Danceipedia* offered the following definition of “chair dancing”: a funny looking shuffling/bopping/head shaking/side to side/arms out to the side and wiggle the torso to music type dancing. This type of dance, although unique, can be found in offices throughout the world. Mainly a past time of the “work place weirdo” or “office oddball”, chair dancing has been around for a number of years. The origin of this dance is unknown and can not be traced back, or connected to, any other form of dance genre. It is frowned upon in larger corporate organisations as it is often seen as non-conformative and socially unacceptable behaviour.
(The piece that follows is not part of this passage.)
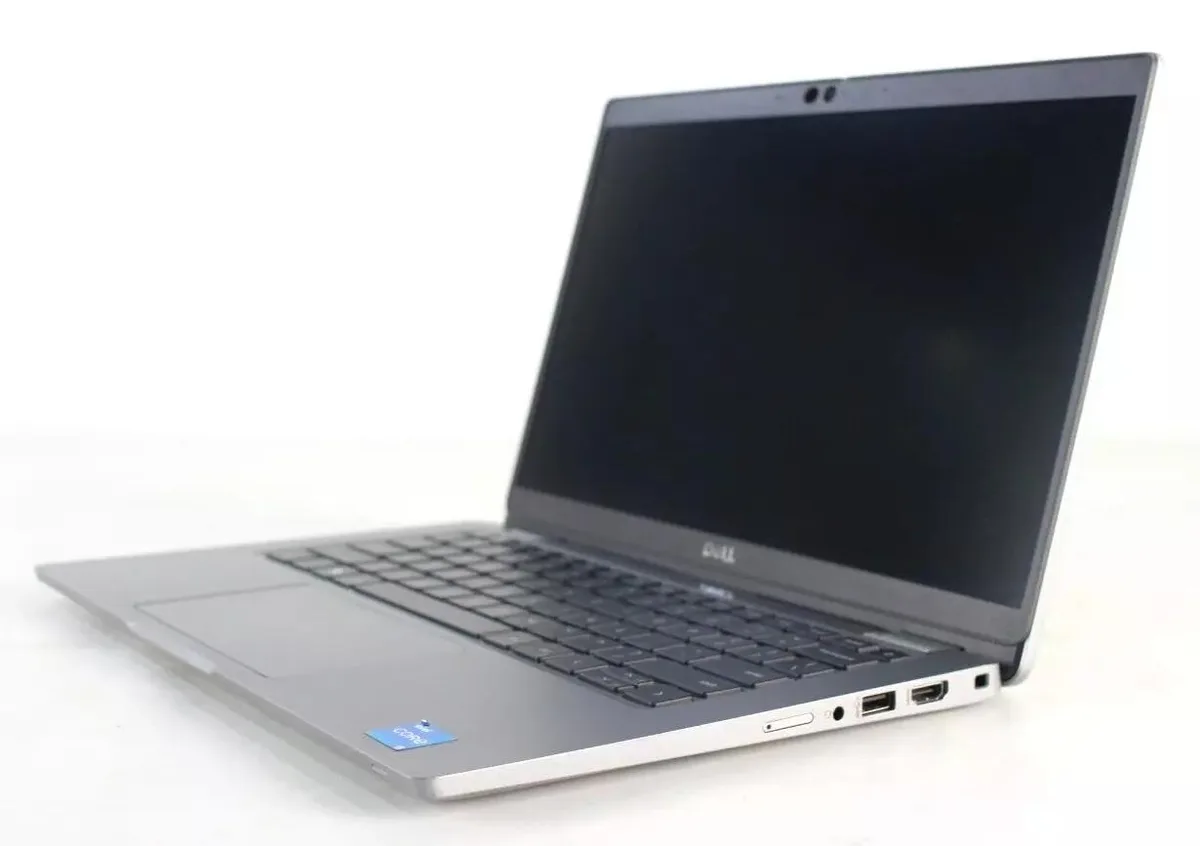 DELL DELL Latitude 5330 13.3 Touchscreen i5 1245U 1.60 16GB 512GB Windows 10 Pro — product photo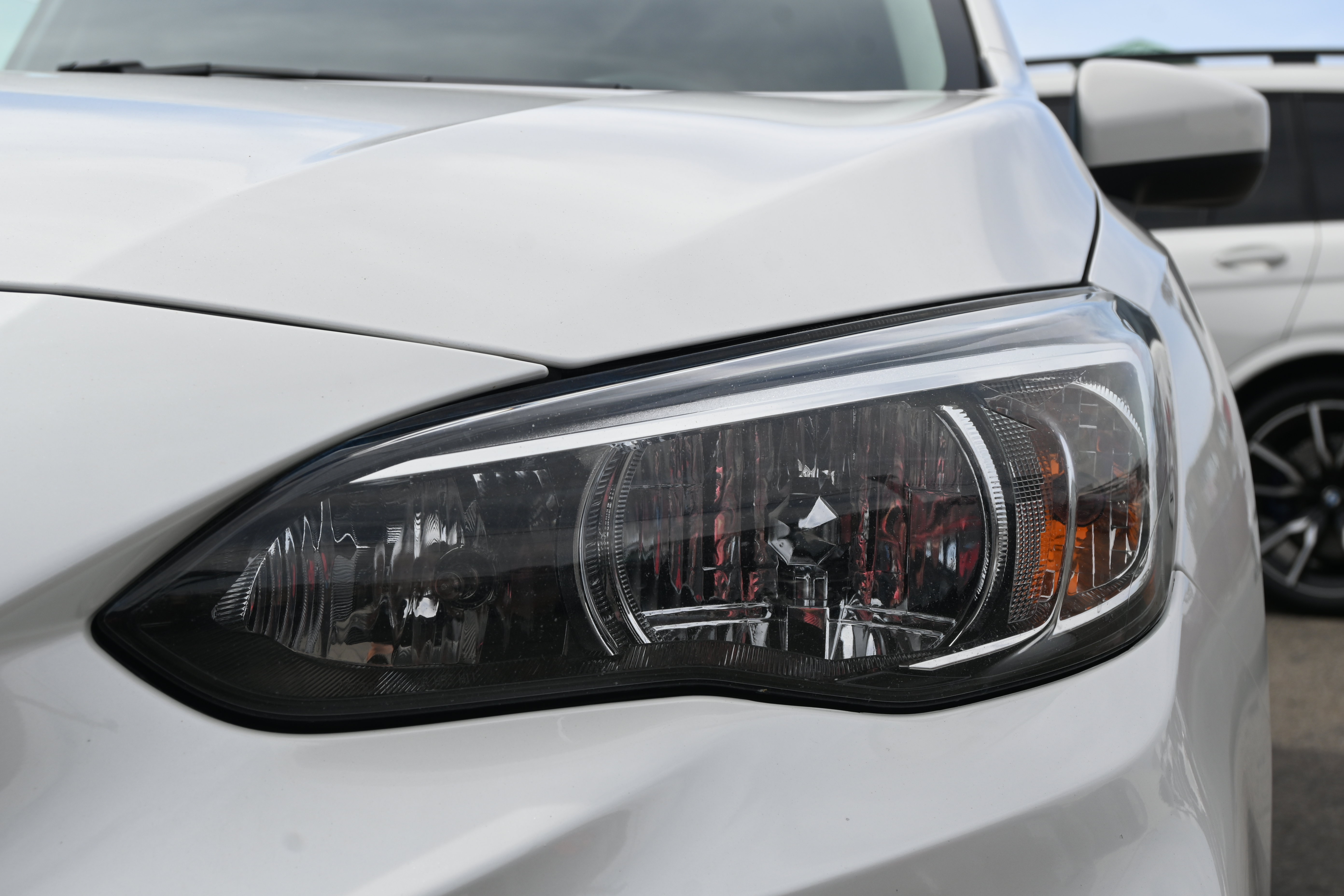 Used 2019 Subaru Impreza 2.0i Premium AWD/4WD image 11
I am a self confessed chair dancer. I could almost just be classed as one by default finding that, more often than not, I am the office oddball AND work place weirdo. But in a good way, of course 🙂 I’m the office weirdo you like. You don’t want to at first because I seem a little bit strange, but you warm to me. I grow on you “like a fungus” a friend of mine once said.
Generally, I find there are not as many outwardly strange people in the workplace as there are “normal” people. Me and my fellow chair dancing compadres – because I know you are out there – are frowned upon by the masses because we are “different”, we don’t fit into the “norm” of any other typically corporate mould. We receive nervous laughs because people aren’t sure how to react to the out of the ordinary behaviour we display. Behaviour such as: having fun, laughing, enjoying the day despite the mundane tasks we are set and, of course, chair dancing. We are not meant for offices but somehow we keep ending up there because we need money to fund our outside hobbies: yoga, expensive organic foods like chia seeds and hemp milk, our natural skin care products and essential oils, as well as our ever growing collection of beads. There are not enough wind chime/crystal/incense/sarong/harem pants retailers to house us all.
I don’t really fit into that category to a tee, but it’s fairly close – beads annoy me unless made into a necklace (not by me, if I was that creative I wouldn’t have to work in an office!) and sarongs aren’t my style. I’ve also never tried chia seeds or hemp milk – but I want to. Mainly the yoga, skin products and oils thing was me. I didn’t want to limit the category and mislead people into thinking it was just hippies that were the weird ones in offices. Most hippies don’t even work in offices – they work in those retail shops. Or travel in packs with friends and extended families as “gypsies”. Or they sell pot out of the van they live in that they park outside your house when they stay so they can use your shower. They pay in pot though, so they’re OK. Not for me…for my flat mate. I don’t rub shoulders with such types. Much. I’ve gotten very sidetracked here……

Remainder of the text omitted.